Using the universal desire for having a friend as its basis, it offers scope to discuss what it means to be a good friend and how you keep them.  Perhaps eating them is not the best idea, but what can you do when you find you don’t agree on something. Even discussing the fundamental question of whether friends can disagree and still be friends is important in developing the concept of friendship. 

Fresh, original and offering all the things a quality picture book should.

 

Guff

Guff

Guff

 

 

 

 

 

 

 

 

 

Guff

Aaron Blabey

Viking, 2017

32pp., hbk., RRP $A16.99

9780670077175

Guff is a somewhat weather-beaten soft toy. With both an eye and an ear missing, patches and fraying edges he looks like he has had a hard life, when, in fact he has had a loved life.  Given to the little girl when she was very tiny and he was as new and pristine as she was, he’s been with her every step of her growing-up journey and has survived the nearest of near misses like being left on the bus, floating out to sea  and even going through the washing machine.

With its sparse text the real story of Guff is told in the pictures with insight and humour – the mother’s expressions are exquisite and the love and the special relationship amongst mother, daughter and toy  just exudes from the page.

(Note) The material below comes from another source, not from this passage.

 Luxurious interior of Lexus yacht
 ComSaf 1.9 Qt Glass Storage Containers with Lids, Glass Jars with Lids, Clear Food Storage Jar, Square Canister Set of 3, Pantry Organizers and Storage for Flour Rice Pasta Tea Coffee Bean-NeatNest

Guff is the toy we’ve all had, the constant companion that has given support and comfort when we’ve needed it – our best friend and confidante. Guff is there in all our childhood memories, intertwined with our adventures and misadventures. Guff makes it OK to go on your first sleepover or your first school camp with him close by your side even if you are in Year 4 or 5.  Guff is the warmth and comfort of Linus’s security blanket and just as acceptable.  He is the toy we will treasure and pass on to our children and tell them stories about.

Guff is Aaron Blabey’s latest masterpiece, not just a story for little people to listen to as they snuggle down with their Guff but one that will evoke memories for the storyteller and generate even more stories .

Guff is precious and very special – both the book and the toy.

Peas and Quiet

Peas and Quiet

Peas and Quiet

 

 

 

 

 

 

 

 

 

 

Peas and Quiet

Gabrielle Tozer

Sue de Gennaro

Angus & Robertson

32pp., hbk., RRP $A24.99

9781460752395

Down in the vegie patch behind the garden gnome, live two little peas in a pod they call home…

They joke and they laugh, these best of best friends… but they also drive each other right round the bend.

Because each night Pop, the eldest, snores like a bear as he sleeps in his chair, while Pip likes to bake and as she does, she loves to sing.  But she can’t sing well and her tuneless ditties wake Pop up in a very grumpy mood.  Eventually he can stand it no longer and he backs his bags and leaves the pod. Pip is glad to see him go but as time goes on both begin to realise how much they miss each other.  Is there a way forward that can give this story a happy ending?

This is a charming story perfectly illustrated to appeal to younger readers as has been shown by the number of times it was chosen as the dress-up favourite for parades for Book Week recently.  Young readers really embraced the characters and their dilemma as they recognised themselves and their siblings – often at loggerheads but lost without each other.  It’s rhyming couplets move the pace along ensuring the action is maintained without getting too intense, even when Pop is caught by the kitten making just the right amount of tension for little people to manage.  And they are sure to have suggestions about how Pop and Pip can overcome their differences – many will draw on their own experiences!

One of those stories that will stand out and quickly become a favourite.